A year ago, I lived in the city I love most. A year ago, it was my job to care for someone else’s kids. A year ago, I walked for about twenty hours a week, just because I loved it. A year ago, I thought I had it all figured out, and I was the happiest I could be. And maybe I was, there was a smile on my face most of the time, anyway. But also, I was lonely.
Because a year ago, I lived in a ginormous city, but hardly knew any people there. I spent most of my free time walking, by myself, listening to music and thinking about anything and everything. I had a few connections, most importantly to me, at the time, was one highly unaccessible friend with whom I loved to talk, but life got in the way and I hardly ever got the chance to do so. A year ago, I was having a fantastic time in my dearest London, but truly, I was lonely. And it took me a year to figure that out.
I took a decision, a while ago, to not move back to London because I had accidentally fallen for someone amazing and he kind of rocked my world, so I wanted to see where it would go. When I told people about it, some were wondering whether I regretted it, some were supportive, some didn’t really care, but all were most definitely surprised.
And the strange thing is, I didn’t put much thought into the choice I made, I just made it and went on with my life. It was just this week that it came back to me, and I realised that I did, indeed, make the right choice. Or well, it certainly feels right, right now.
It’s not because I don’t miss the Thames and the crazy people and the absolutely amazing coffee shops that I was so in love with a year ago, because I do, sometimes.

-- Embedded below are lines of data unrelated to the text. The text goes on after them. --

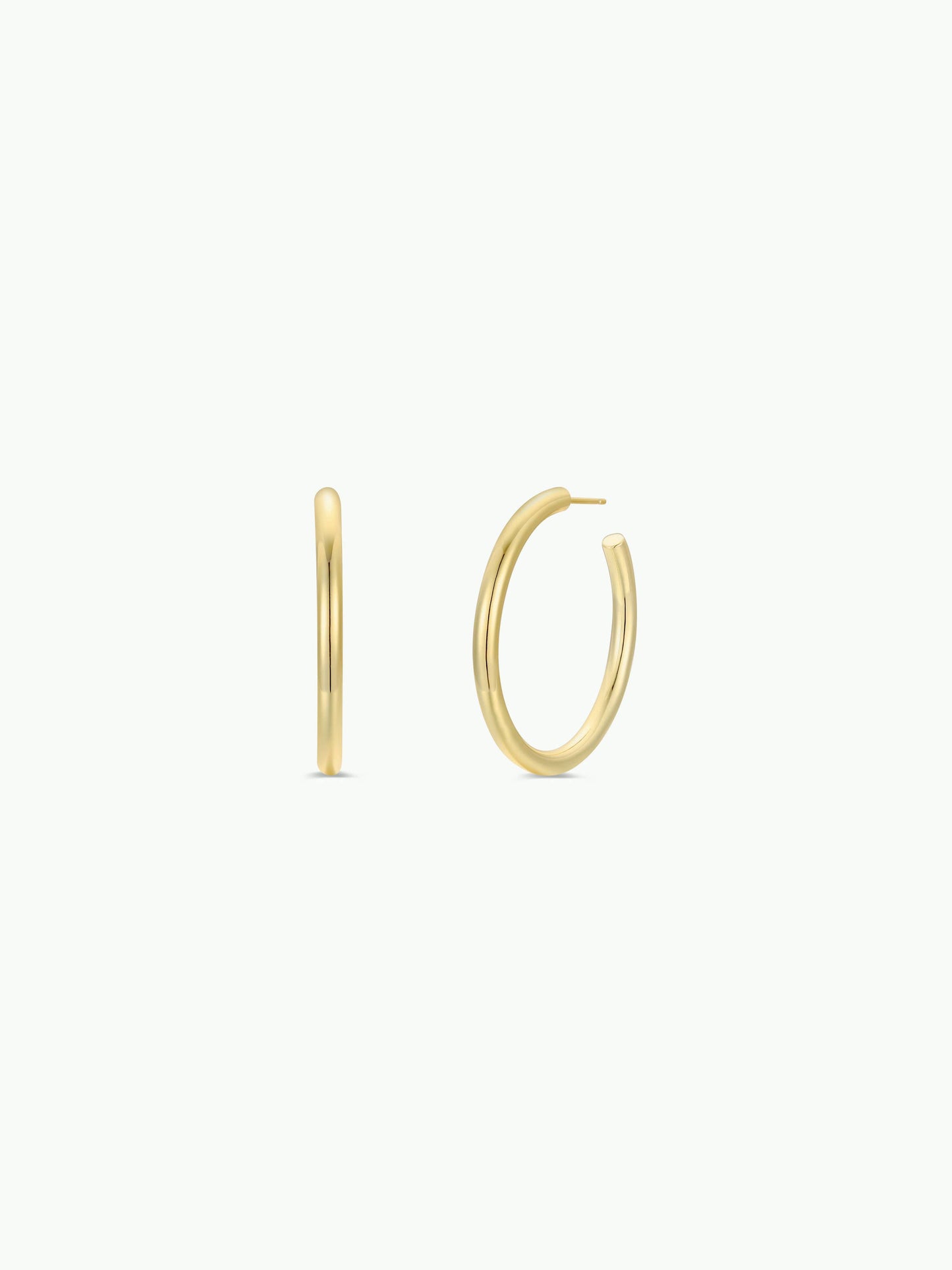 Everyday Gold Hoop Earrings - Large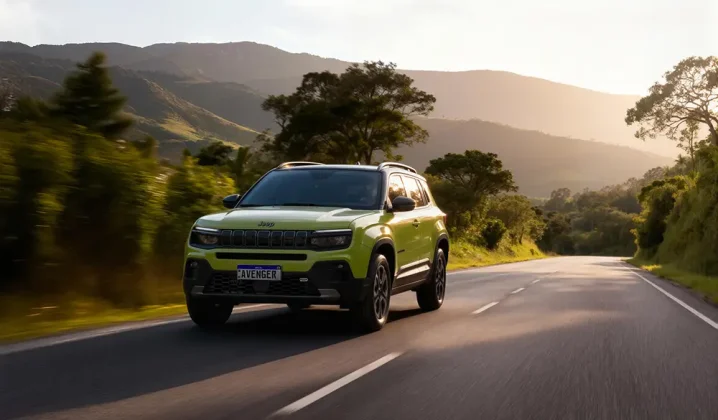 Jeep Avenger chega ao Brasil com sistema MHEV, tecnologia de intelig&ecirc;ncia artificial com ChatGPT, ADAS e pre&ccedil;os a partir de R$ 114.990.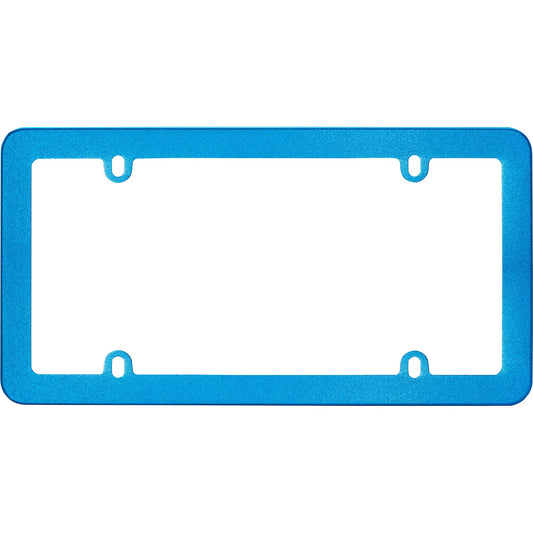Anodized License Plate Frame, Blue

But because right now, I am anything but lonely. I am where I want to be, every single day, doing what I want to do, about to move mountains, and I’m surrounded by people I adore.
I chose love, and being the romantic I am, I keep believing that love always has my back (hence the tattoo). I am in a place in which I get to be me, and get to explore what that means exactly. I’m in a constant flow of (radical) change, finding a new version of me every morning and morphing into the person I am actually capable of being (about which I didn’t know before – needed someone else to see that, am eternally grateful to have found that person).
So, you know, the choice was made, and people told me it was weird and dumb and just plain old crazy, but I’m alright. Even better, I’m doing amazingly well. And I’m happy, above all, really happy. And I suppose there’s a lesson in it too: that if we ever have to decide whether we want to be in love with a place, or with a person, it may be pretty worthwhile to choose the person. (Or maybe not, we’ll never know until we try.)